February 13, 1986. Rehearing Denied March 10, 1986.
Appeal from the Circuit Court, Duval County, Henry Lee Adams, J.
Barry L. Zisser and Steven Hurwitz of Zisser, Robinson, Spohrer, Wilner Harris, P.A., Jacksonville, for appellant.
Lacy Mahon, Jr., Jacksonville, for appellee.
The wife in this dissolution proceeding appeals an order striking from her counterpetition for dissolution several corporations joined as defendants. Finding no error in the trial court's order, we affirm.

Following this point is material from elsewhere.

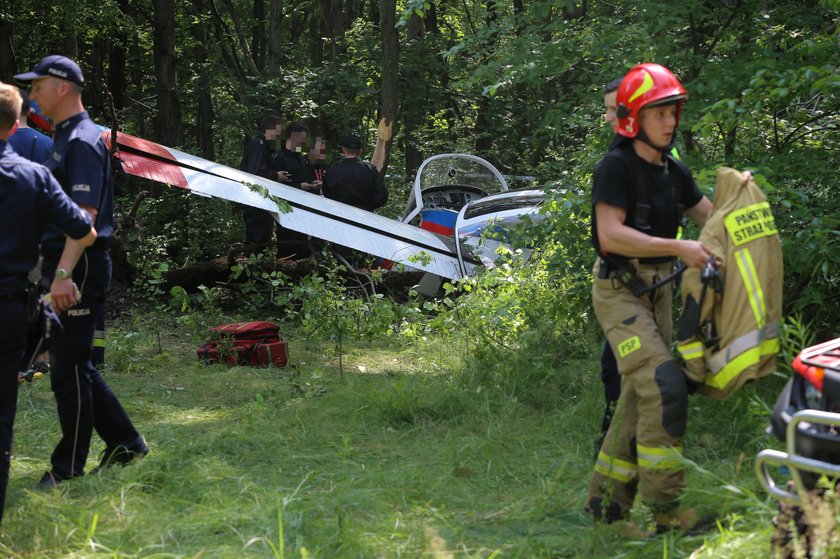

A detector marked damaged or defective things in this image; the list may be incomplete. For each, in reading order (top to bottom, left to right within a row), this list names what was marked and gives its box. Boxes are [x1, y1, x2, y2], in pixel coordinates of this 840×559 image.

In her counterpetition, the wife alleges a special equity in the husband's various business enterprises on the grounds that she contributed funds from a source unconnected with the marriage, and also contributed much time and effort in running these businesses for which she was never paid any remuneration. She also sought injunctive relief, requesting the court to enjoin the corporations from selling, transferring or disposing of any assets in excess of $100 without first accounting to her, and securing her approval.

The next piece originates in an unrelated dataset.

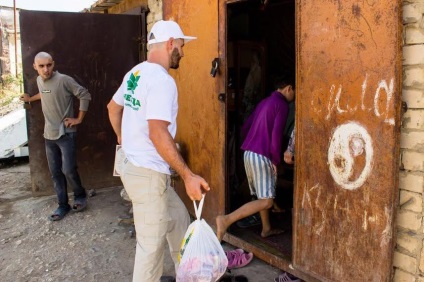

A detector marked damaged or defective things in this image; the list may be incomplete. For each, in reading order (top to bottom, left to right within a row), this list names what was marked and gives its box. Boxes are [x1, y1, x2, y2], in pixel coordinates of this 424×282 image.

rusty metal door [19, 11, 142, 195]
rusty metal door [162, 0, 225, 221]
rusty metal door [294, 1, 402, 280]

It is true that the trial court has no power to order a transfer of corporate assets without joinder of the corporation. Feldman v. Feldman, 390 So.2d 1231 (Fla. 3d DCA 1980); Couture v. Couture, 307 So.2d 194 (Fla. 3d DCA 1975). Nevertheless, even when the corporation is not a party to the dissolution proceeding, the trial court can award the wife a special equity in the husband's interest in the corporation by awarding the wife an equitable portion of the husband's corporate stock. Good v. Good, 458 So.2d 839, 841 (Fla. 2d DCA 1984); Feldman v. Feldman, 390 So.2d at 1232.
The wife's counterpetition does not allege a special equity in any corporate property but merely alleges a claim against the husband's stock ownership in the corporations. Lack of jurisdiction over the corporations would not prevent the trial court from awarding the wife the husband's interest in them if justified. Further, the trial court may preclude the husband's disposal of assets over which he exercises exclusive control, without the necessity of joining the various corporations as parties.

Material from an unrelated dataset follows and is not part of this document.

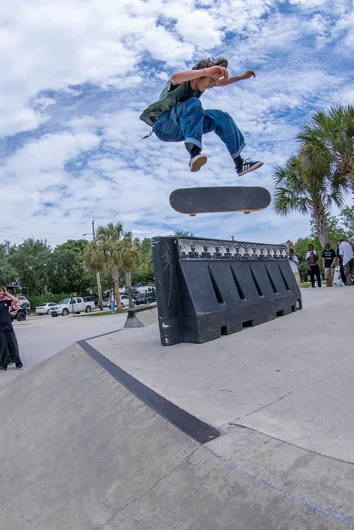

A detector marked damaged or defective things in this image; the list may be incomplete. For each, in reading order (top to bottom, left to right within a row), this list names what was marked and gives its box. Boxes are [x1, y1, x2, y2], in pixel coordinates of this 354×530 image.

crack in concrete [94, 446, 199, 528]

Although one paragraph of the counterpetition alleges that the wife had an interest in an automobile titled in the name of one of the husband's corporations, this particular automobile has since been sold and was replaced with an automobile titled in the husband's name. Even if the car had remained titled in the corporate name, the court could order the husband to provide the wife with equivalent transportation if justified without necessitating joinder of the corporation.
The cases relied upon by the wife for joinder are distinguishable. In Rosenberg v. North American Biologicals, Inc., 413 So.2d 435 (Fla. 3d DCA 1982), the wife alleged in her complaint that the corporate defendant had illegally watered down the wife's stock ownership in the defendant corporation in favor of the husband. If these allegations were true, the wife was entitled to relief against the corporation. Contrarily, the wife's counterpetition in this case states no cause of action against the corporations, nor does it seek specific relief against them. In Hoecker v. Hoecker, 426 So.2d 1191 (Fla. 4th DCA 1983), unlike the case before us, the husband owned all of the stock of the respondent corporation and the evidence showed a complete blending of the personal and corporate property, so much so that the husband testified that he and the corporation were one and the same. Here, the trial judge correctly determined that the wife's general allegations of a special equity in the husband's business enterprises do not justify joinder of the corporations.
The trial court's order finding that these corporations were improperly joined is AFFIRMED.
BOOTH, C.J., and WENTWORTH, J., concur.